Now, first of all, with regards to the Al Aqsa flood operation by Hamas, there is an there's a theory going around that the incursion may not have constituted an intelligence failure on the part of the Israelis, but rather that there's a conspiracy on their part to allow Hamas to infiltrate their border and cause havoc just to create a justification for Israel to obliterate Gaza. That's a relatively popular theory that's going around. The thinking behind it is basically that it's unimaginable, they say, that Israel with its advanced technology, its, you know, sophisticated and total surveillance system, their surveillance apparatus, their intelligence apparatus, their highly trained intelligence and security personnel, it's just unthinkable that such a lapse could actually take place. So it must be therefore deliberate on the part of the Zionists that they let Hamas come in because they have some kind of a plan. Now I understand this thinking, but I disagree.
It is of course entirely plausible that Hamas successfully infiltrated the border undetected. That could definitely happen. Look, the fact is the Israelis do not live in fear. They're not hyper vigilant. They are arrogant and complacent people.

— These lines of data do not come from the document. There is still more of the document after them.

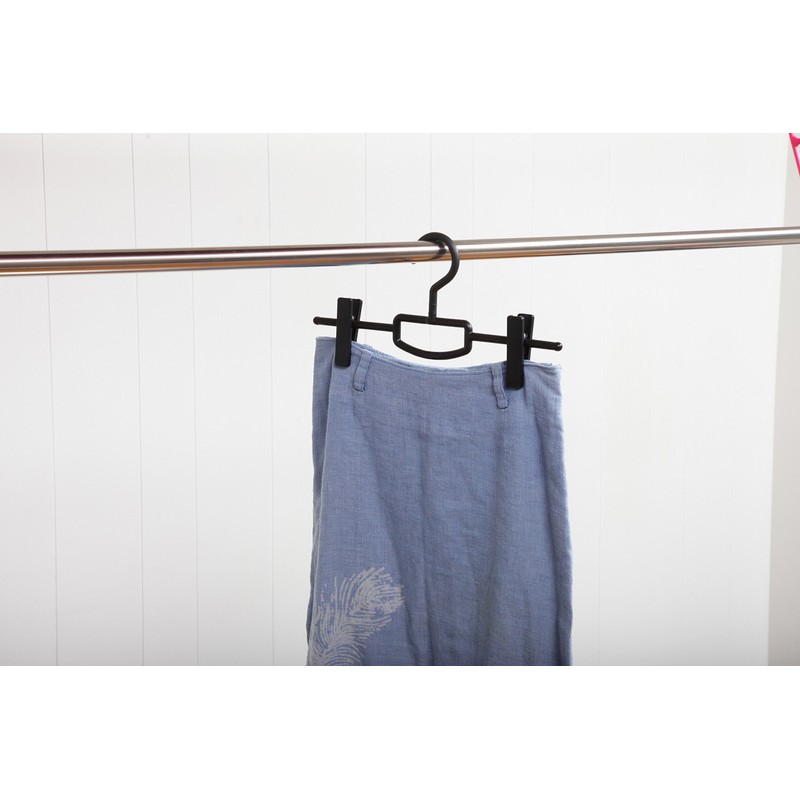 Shinko Hanger Clip Bar Black 2 Piece Skirt Hanger "Reverse"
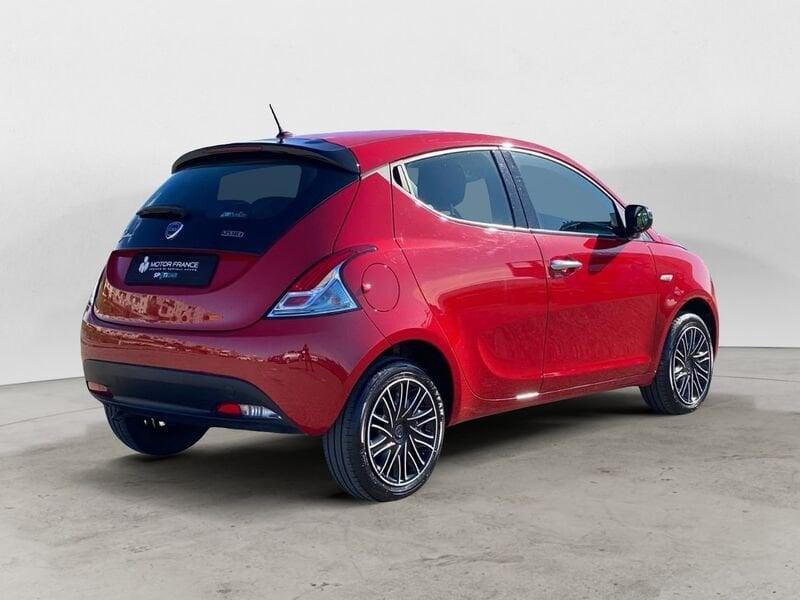 Lancia Ypsilon III 2021 1.0 firefly hybrid Silver Plus s&s 70cv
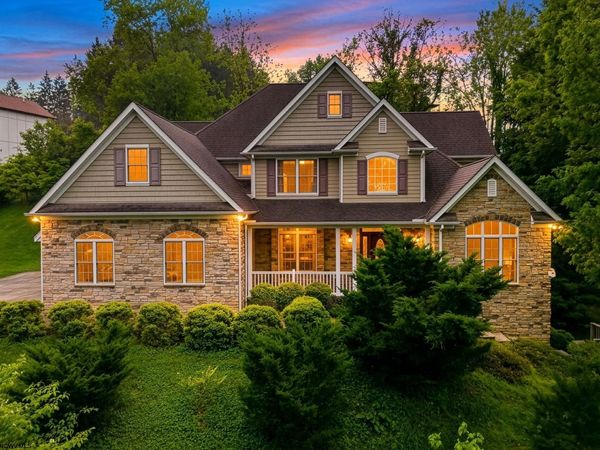672 Poplar Woods Drive, Morgantown, WV 26505
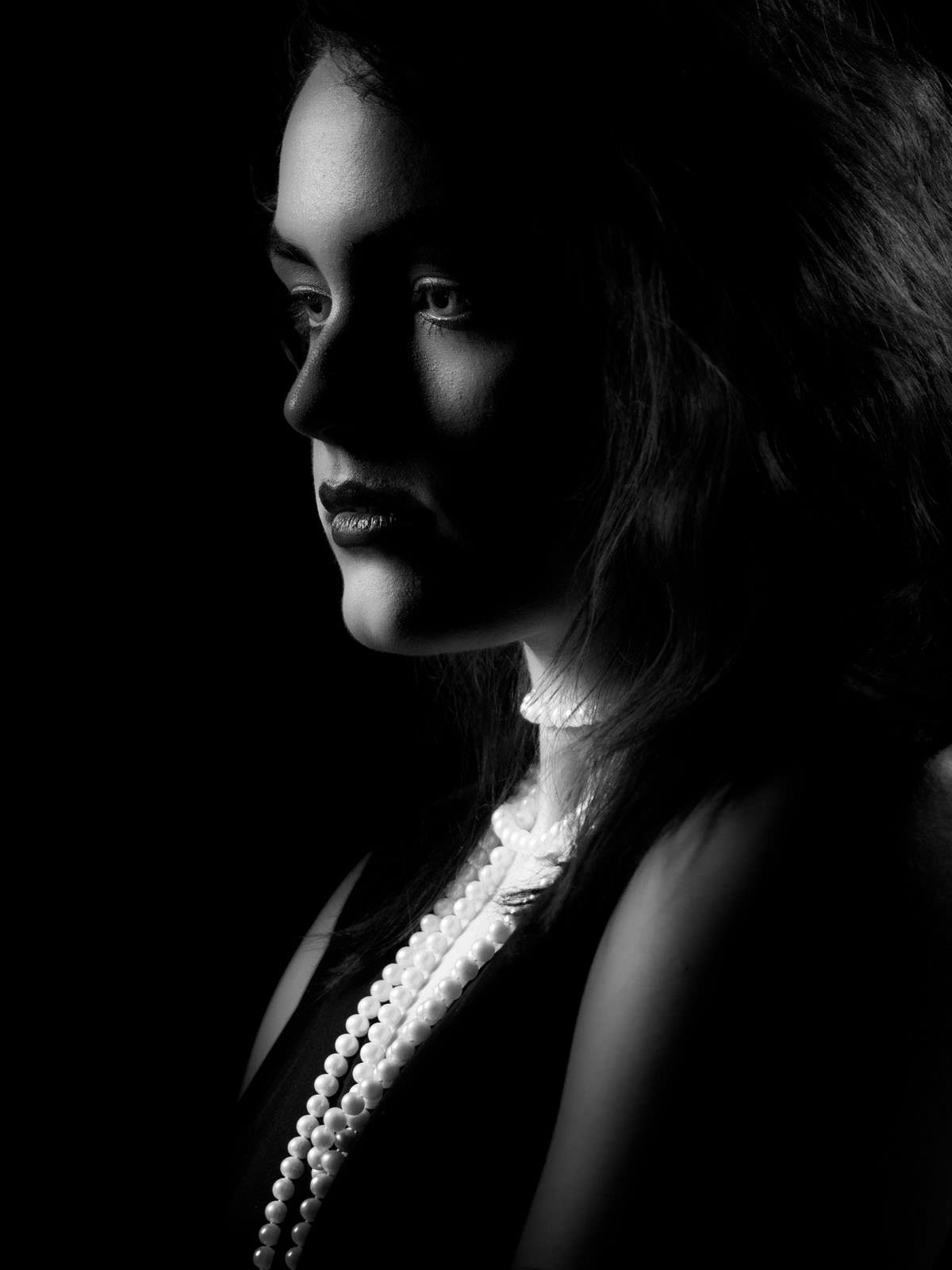 What is Rembrandt Lighting and How to Use It for Portrait Photos ...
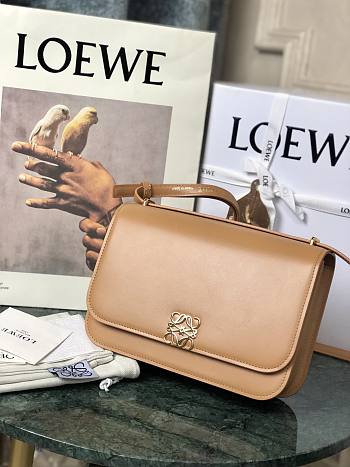 Loewe Goya Medium bag in silk calfskin Warm Desert – 23x15x6.5 cm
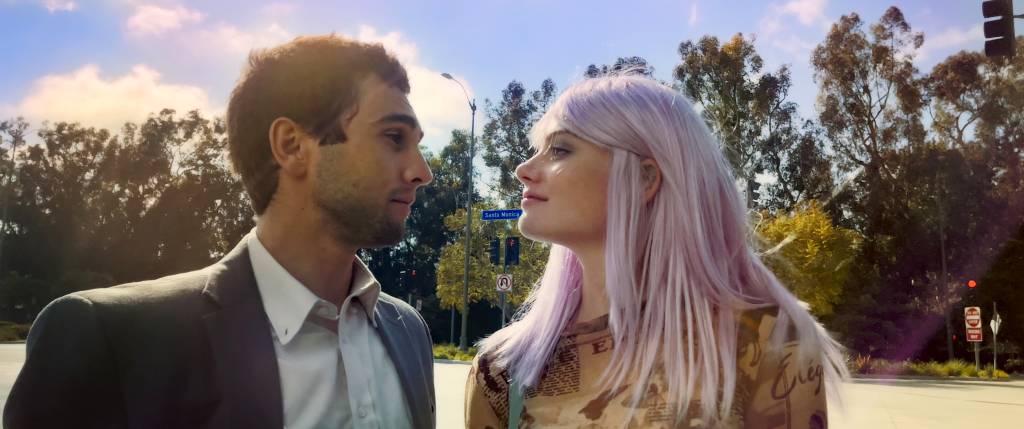 ‘June e John’ se resume basicamente à vibe de romance dos anos 2010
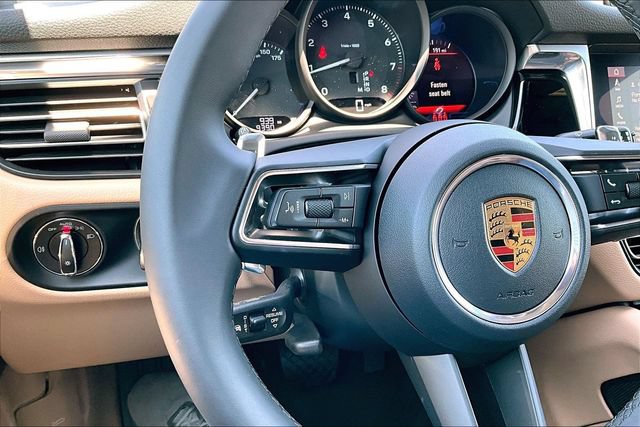 Used 2026 Porsche Macan AWD/4WD image 11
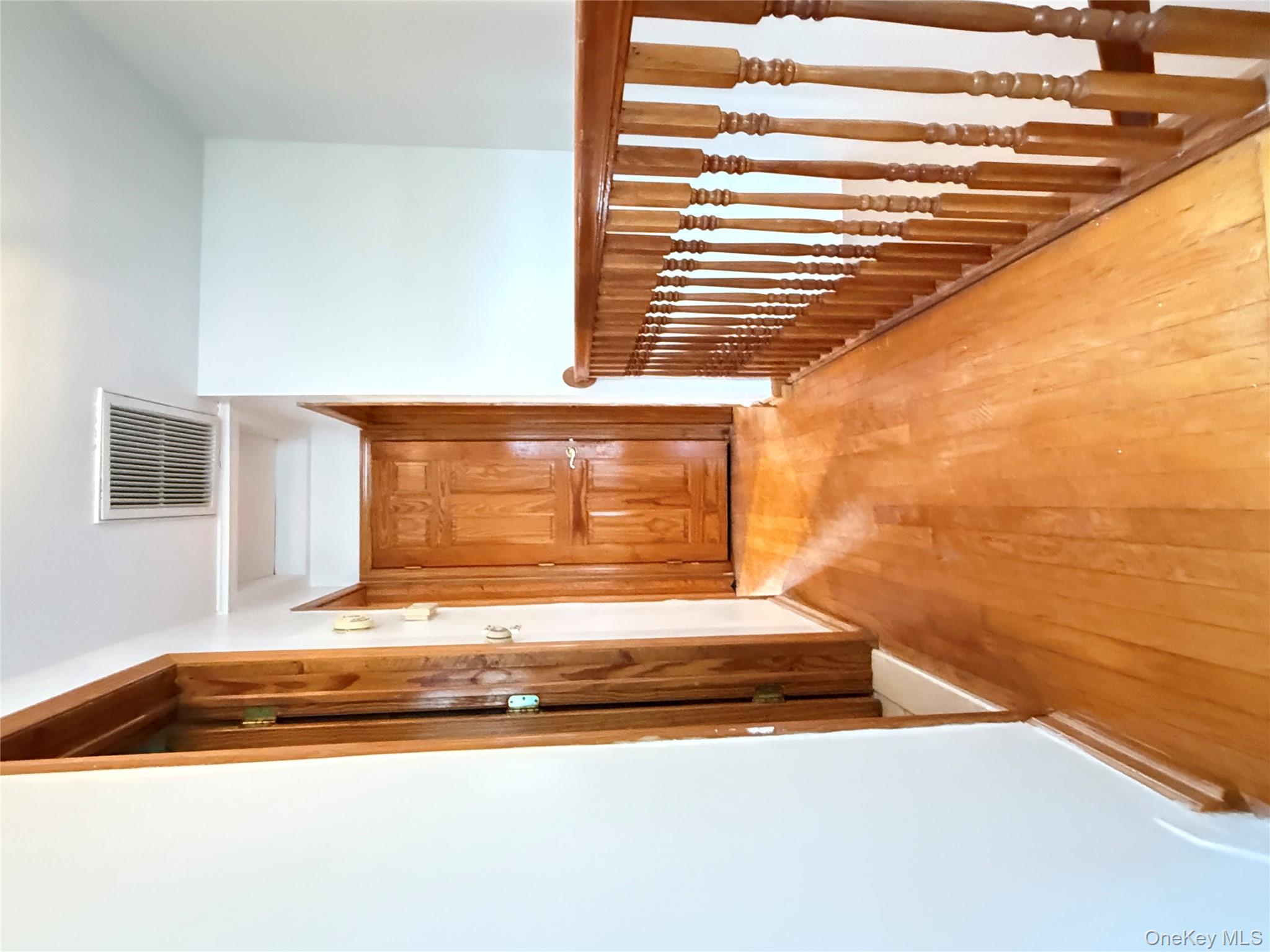 5 Garfield Place, Roslyn Heights, NY 11577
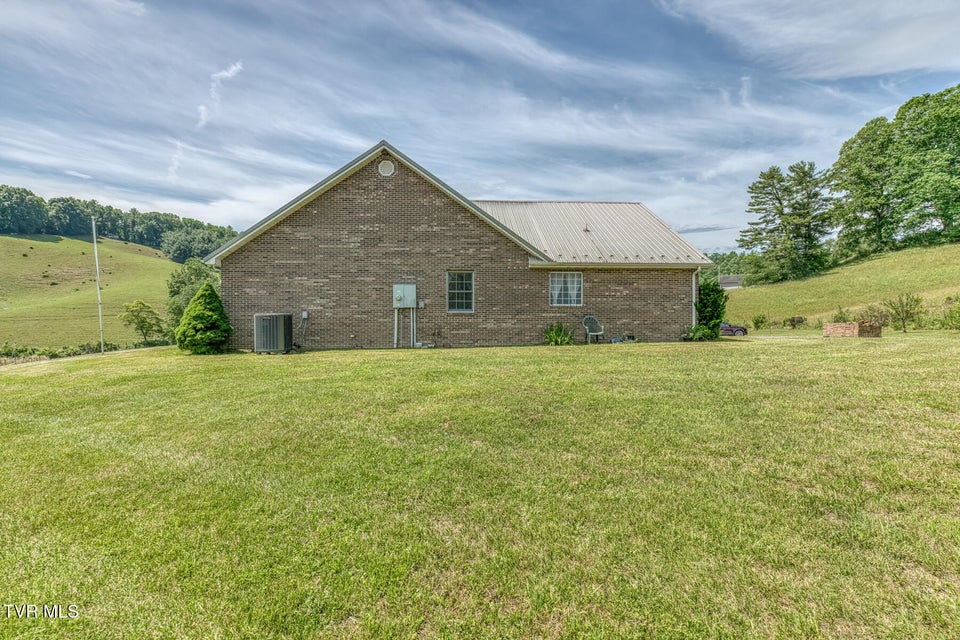 Photo #54: 1044 Waters Road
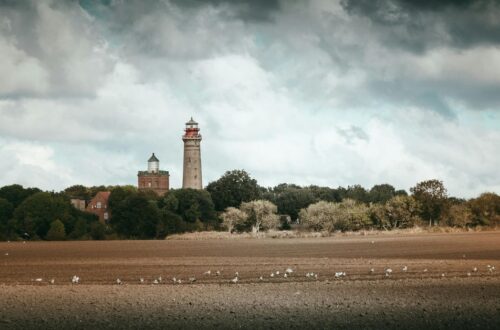 Rügen Sehenswürdigkeiten: malerische Landschaft und Küstenlinie der Insel Rügen.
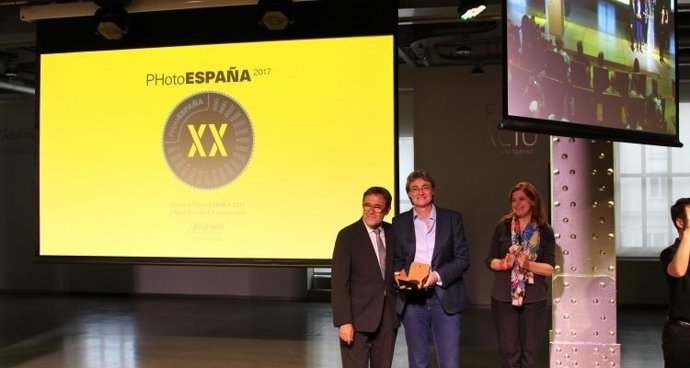 L Ayuntamiento de Madrid recibe la Medalla del Aniversario de PHotoESPAÑA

And many, if not most of them, particularly those who are in the military, are frankly dumb as a bag of hammers. So it's entirely possible that this could happen. I think we vastly underestimate their incompetence. There are sort of two tropes in Israeli propaganda that we've all sort of collectively accepted as true even though both of them are completely inaccurate. One of them is that the Israelis are in a constant state of existential fear thinking that they're, you know, always on the precipice of a second holocaust.
They don't feel that way. That's a lie. And the other is that the Israelis are hyper capable and effective. Neither one of these tropes is actually true. Now, I'm just talking about plausibilities here.
The idea that the incursion was allowed is plausible. It's a possibility. But the idea that the incursion occurred because of an intelligence failure is equally plausible. There's no reason to dismiss that as a possibility. So if we look at both possibilities, like if it was allowed by the Israelis, the thinking behind that, for most people who advocate that theory, is that the Israelis wanted to create a justification for a full blown war against Gaza and maybe beyond Gaza.
But the problem with that is when did they ever need a justification? I mean, they attacked Gaza on a regular basis. It's routine that they attack Gaza and no one ever questions their justifications for that. I mean, Hamas could launch a firecracker over the wall and the international community would fully back Israel blowing up an entire city block in response, in retaliation, so called retaliation. No one ever asks Israel for a justification for what they do against Gaza.
Even Hamas wouldn't have to do anything. They wouldn't have to launch a firecracker over the wall. Israelis could just say that they did that or they could say that they blew up a city block preemptively to prevent Hamas from doing something that they believe that they plan to do. So they've always been able to do against Gaza whatever they wanted to do with complete impunity. So the idea that they did this or that they allowed this to construct a justification is not particularly convincing to me.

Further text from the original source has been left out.